俳句で思慮分別的なものや人生観みたいなものを詠むのは、全部理屈で、俳句とはいえない、と森澄雄さんがいう。

森さんは大正8年生まれ。俳誌「杉」創刊主宰。恩賜賞や芸術院賞、蛇笏賞、毎日芸術賞受賞、日本芸術院会員。

『今の俳句は俳句でない理屈ばかりだ』と、いつも言っている。

賢いと物が見えない。自分を捨てなければ外の声が聞こえない。

池田俊二さん(俳人協会会員)は『日本語を知らない俳人たち』(PHP研究)で、大新聞の俳句選者たちの日本語を知らない惨状を憂いている。

大新聞の選者といえば権威である。その人たちが日本語を知らない。賢いから物が見えなくなる。

いまは、心がない俳句ばかり多い。どうした、こうした、理屈で生きている日本人たちである。

江戸時代の名のある俳人の句には、絶対、理屈がない。そして大きい。

やはり時代の変化、生活からの人生観の変化である。

『分別的な人生観みたいなものは、全部理屈』と森澄雄さんに言われると、それが俳句の世界でない世界にもいえるから怖い。

室生寺に空海さんの「煩悩測菩薩。生死即涅槃」という境地が大きな石に彫られている。

菩薩とは悟りの境地。煩悩が、そのまま悟りになる。こだわらず自然のままでいいわけだ。
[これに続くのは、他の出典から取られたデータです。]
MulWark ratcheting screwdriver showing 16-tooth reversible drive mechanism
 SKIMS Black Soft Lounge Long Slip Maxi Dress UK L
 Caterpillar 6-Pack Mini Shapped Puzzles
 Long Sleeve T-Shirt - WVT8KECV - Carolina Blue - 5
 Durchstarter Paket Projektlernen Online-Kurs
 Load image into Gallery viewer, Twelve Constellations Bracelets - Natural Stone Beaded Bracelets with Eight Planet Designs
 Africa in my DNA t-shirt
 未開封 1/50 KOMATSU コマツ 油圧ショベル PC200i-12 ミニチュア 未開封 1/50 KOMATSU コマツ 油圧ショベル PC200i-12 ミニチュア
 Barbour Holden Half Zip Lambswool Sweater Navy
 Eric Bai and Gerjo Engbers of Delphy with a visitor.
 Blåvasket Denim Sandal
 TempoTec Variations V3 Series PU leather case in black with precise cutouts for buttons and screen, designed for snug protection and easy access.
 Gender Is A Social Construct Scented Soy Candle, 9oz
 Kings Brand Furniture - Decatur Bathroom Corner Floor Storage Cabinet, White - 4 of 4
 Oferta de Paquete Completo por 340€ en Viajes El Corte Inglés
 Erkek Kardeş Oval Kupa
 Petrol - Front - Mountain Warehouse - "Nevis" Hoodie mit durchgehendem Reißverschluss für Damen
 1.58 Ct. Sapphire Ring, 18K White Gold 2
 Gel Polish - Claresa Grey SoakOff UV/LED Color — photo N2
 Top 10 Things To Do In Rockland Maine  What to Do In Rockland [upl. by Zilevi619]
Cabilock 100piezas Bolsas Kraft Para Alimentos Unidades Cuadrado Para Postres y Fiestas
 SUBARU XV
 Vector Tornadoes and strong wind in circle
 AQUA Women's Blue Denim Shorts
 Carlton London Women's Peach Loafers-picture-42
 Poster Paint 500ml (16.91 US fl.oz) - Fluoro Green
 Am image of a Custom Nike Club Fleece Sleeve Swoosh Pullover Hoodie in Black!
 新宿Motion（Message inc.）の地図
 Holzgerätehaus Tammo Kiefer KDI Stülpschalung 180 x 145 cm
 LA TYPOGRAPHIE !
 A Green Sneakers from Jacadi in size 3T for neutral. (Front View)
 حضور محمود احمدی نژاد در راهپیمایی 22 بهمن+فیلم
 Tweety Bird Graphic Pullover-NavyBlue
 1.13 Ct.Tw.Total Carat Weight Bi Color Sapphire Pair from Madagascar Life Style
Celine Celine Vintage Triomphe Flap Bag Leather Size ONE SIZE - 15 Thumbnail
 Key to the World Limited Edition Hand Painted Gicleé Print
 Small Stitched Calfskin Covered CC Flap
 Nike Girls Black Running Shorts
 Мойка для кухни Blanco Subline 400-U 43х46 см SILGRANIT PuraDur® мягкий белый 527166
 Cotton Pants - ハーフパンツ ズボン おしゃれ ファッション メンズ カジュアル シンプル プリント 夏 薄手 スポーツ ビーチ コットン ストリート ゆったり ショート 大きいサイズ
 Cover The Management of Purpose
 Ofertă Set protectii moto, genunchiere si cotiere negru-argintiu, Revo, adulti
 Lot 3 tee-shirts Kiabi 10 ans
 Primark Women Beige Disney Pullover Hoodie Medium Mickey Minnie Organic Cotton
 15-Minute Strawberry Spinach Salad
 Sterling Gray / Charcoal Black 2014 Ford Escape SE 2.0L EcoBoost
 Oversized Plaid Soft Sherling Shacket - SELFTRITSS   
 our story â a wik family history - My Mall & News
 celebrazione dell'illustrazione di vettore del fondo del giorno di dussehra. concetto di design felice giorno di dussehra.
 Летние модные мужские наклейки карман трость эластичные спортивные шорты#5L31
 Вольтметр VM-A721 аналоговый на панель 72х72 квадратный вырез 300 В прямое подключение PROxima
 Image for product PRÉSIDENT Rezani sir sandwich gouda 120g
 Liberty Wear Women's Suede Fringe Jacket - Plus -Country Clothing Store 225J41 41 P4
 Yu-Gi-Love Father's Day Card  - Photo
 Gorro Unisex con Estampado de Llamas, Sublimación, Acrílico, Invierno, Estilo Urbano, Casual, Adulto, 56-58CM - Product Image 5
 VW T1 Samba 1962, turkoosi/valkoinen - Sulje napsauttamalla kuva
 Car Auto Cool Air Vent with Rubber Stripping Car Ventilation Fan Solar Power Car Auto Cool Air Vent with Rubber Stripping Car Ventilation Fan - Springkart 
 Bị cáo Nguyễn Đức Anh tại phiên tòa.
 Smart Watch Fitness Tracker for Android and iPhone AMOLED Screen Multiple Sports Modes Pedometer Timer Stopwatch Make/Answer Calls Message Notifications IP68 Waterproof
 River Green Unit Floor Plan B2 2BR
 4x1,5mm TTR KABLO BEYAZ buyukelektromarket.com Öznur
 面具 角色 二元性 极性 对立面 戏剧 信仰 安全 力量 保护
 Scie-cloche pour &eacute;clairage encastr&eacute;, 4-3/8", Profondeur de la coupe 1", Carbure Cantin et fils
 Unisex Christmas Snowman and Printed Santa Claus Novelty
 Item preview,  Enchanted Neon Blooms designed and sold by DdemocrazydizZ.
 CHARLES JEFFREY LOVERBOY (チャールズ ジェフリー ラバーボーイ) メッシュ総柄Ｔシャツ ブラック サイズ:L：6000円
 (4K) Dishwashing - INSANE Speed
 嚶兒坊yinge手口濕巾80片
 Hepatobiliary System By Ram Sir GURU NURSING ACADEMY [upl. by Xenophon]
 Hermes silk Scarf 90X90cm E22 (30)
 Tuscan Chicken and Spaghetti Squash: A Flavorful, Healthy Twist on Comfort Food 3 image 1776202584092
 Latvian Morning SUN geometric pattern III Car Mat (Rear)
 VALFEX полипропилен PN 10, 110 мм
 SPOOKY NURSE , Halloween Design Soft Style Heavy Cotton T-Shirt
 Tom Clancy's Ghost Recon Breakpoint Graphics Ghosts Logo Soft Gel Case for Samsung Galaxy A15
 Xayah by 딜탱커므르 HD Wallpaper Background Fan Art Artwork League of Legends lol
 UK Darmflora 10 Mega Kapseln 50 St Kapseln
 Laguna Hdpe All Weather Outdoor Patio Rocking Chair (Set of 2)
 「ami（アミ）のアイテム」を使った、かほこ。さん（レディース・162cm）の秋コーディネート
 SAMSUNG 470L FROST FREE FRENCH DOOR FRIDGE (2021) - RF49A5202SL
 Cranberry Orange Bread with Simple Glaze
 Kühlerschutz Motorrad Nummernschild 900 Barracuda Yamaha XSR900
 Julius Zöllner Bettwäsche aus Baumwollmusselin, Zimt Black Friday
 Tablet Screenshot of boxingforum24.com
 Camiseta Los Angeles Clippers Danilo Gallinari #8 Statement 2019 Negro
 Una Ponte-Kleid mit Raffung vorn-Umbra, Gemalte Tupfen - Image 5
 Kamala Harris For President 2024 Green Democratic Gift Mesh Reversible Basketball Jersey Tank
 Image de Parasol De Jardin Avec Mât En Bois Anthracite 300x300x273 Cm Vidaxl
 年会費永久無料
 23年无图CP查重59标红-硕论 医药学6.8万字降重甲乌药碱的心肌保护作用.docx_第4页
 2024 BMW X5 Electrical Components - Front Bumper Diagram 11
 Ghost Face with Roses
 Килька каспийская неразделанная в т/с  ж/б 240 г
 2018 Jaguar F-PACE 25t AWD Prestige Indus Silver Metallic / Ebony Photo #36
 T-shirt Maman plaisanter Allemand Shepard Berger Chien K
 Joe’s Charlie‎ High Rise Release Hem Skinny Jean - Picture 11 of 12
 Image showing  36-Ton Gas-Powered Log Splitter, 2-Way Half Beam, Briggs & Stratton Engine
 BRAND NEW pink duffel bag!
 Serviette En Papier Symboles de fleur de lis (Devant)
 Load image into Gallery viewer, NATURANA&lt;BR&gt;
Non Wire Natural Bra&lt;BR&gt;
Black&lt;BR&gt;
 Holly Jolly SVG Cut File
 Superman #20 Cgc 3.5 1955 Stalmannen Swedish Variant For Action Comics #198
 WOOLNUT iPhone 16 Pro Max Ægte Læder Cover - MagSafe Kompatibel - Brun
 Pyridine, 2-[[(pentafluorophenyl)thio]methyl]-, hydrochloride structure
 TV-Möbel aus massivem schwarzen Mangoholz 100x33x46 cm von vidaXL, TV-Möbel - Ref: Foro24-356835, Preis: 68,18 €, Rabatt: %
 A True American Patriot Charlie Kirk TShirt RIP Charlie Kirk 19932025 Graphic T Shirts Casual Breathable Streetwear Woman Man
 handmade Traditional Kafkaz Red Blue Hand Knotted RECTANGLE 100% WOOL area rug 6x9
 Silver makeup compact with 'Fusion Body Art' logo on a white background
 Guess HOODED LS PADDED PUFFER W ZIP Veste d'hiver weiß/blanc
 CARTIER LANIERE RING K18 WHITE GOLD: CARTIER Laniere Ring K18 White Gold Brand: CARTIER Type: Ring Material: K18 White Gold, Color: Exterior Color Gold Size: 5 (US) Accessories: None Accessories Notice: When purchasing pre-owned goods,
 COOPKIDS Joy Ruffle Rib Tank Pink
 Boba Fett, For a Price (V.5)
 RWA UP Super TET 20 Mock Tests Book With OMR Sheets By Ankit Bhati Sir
人生に理屈をこねてもなんの意味もない。なまじ人生観など説いて、それは、なんだ、となろう。

相場の強弱でも理屈ばかりである。材料を並べればいいというものではない。

ああだったから、こうなった。

それで、そのあと、どうなるのか。説明と言いわけと理屈が相場記事になった時代ともいえる。

相場記事にも心があるべきである。ファンドにも心がある。コンピュータには心がないが、入力データには人間の心が入っているはず。